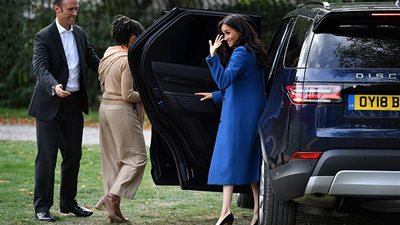 خالفت «بروتوكول باب السيارة».. حفاوة بتواضع سندريلا بريطانيا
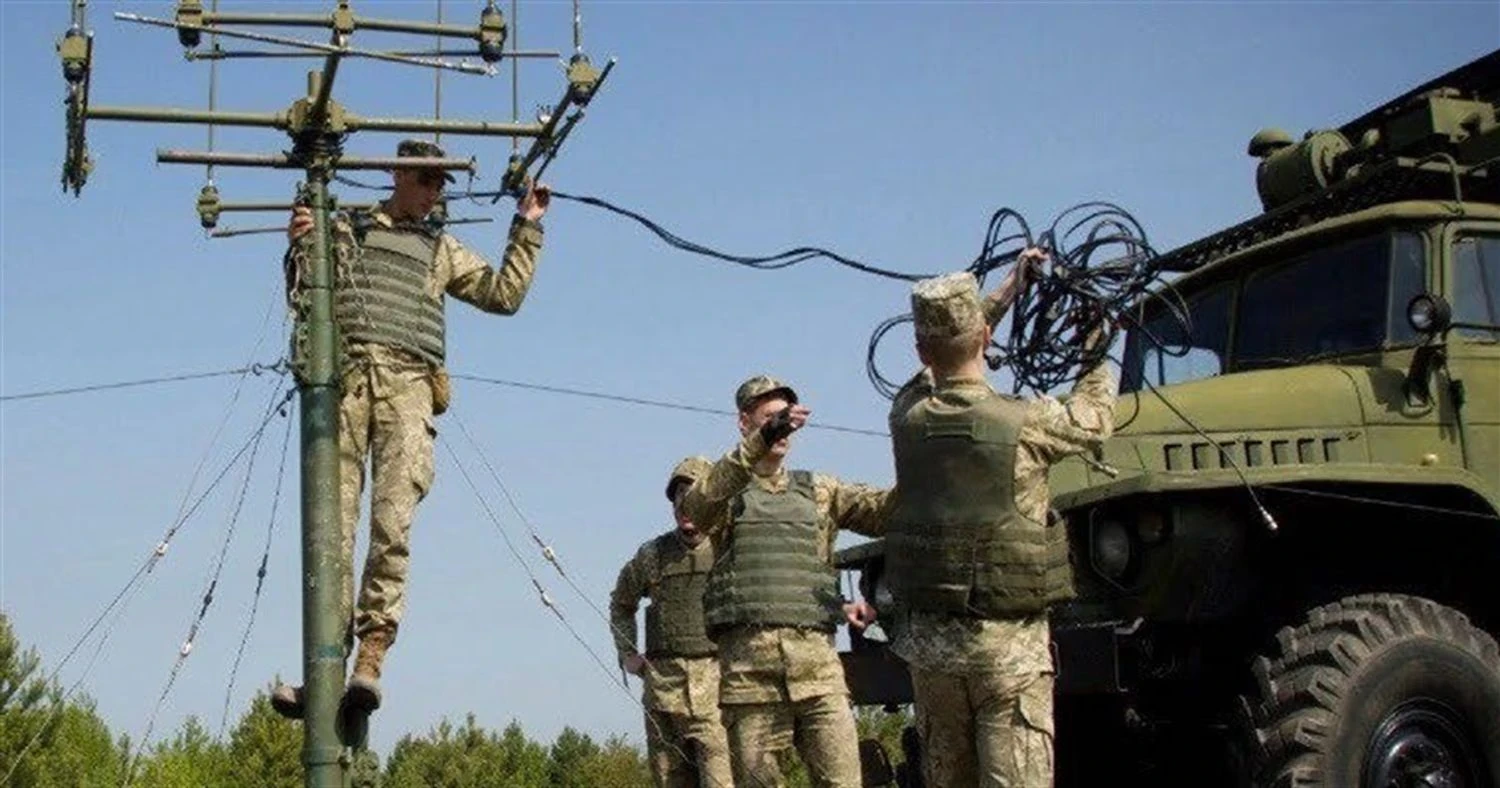 День фахівця РЕБ ЗСУ, Всесвітній день дельфінів, Міжнародний день в’язання гачком: що відзначають у світі 12 вересня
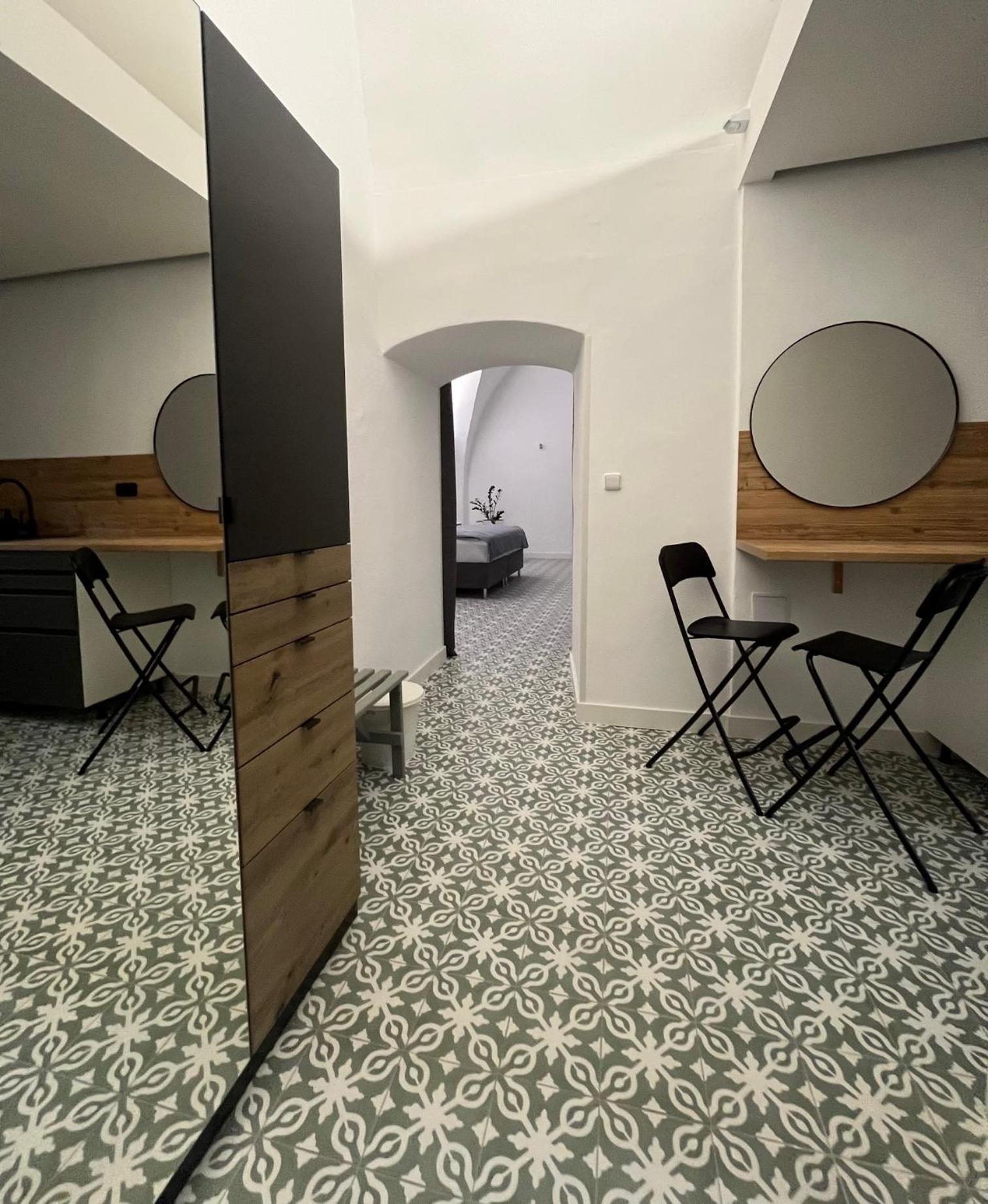 Palác Daun - Studio Apartments Znojmo Exterior foto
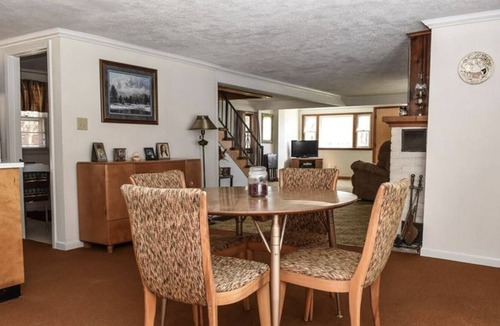 Remsen House | Gorgeous Lakefront property on Kayuta Lake
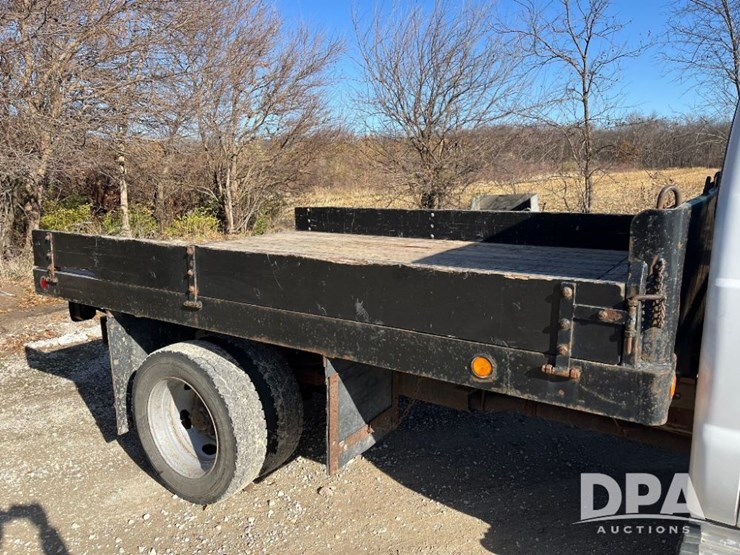 ford-f550-xl-image-29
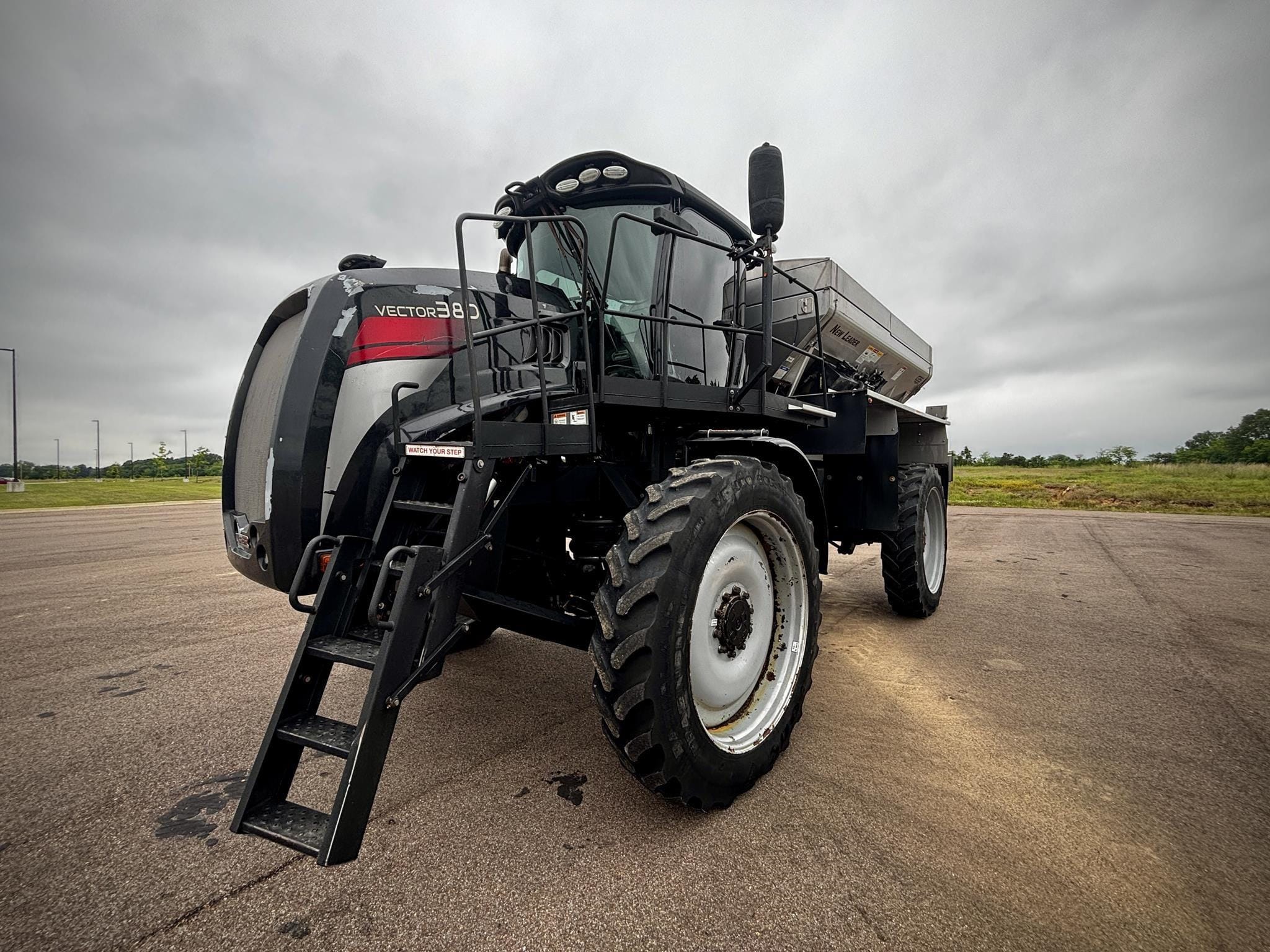 2018 RBR Enterprise Vector 380 Equipment Image0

____

- _ASSIGNED TASK_:
Go through the material above and retype every line exactly, without the images.

- _EXERCISE RESULT_:
 خالفت «بروتوكول باب السيارة».. حفاوة بتواضع سندريلا بريطانيا
 День фахівця РЕБ ЗСУ, Всесвітній день дельфінів, Міжнародний день в’язання гачком: що відзначають у світі 12 вересня
 Palác Daun - Studio Apartments Znojmo Exterior foto
 Remsen House | Gorgeous Lakefront property on Kayuta Lake
 ford-f550-xl-image-29
 2018 RBR Enterprise Vector 380 Equipment Image0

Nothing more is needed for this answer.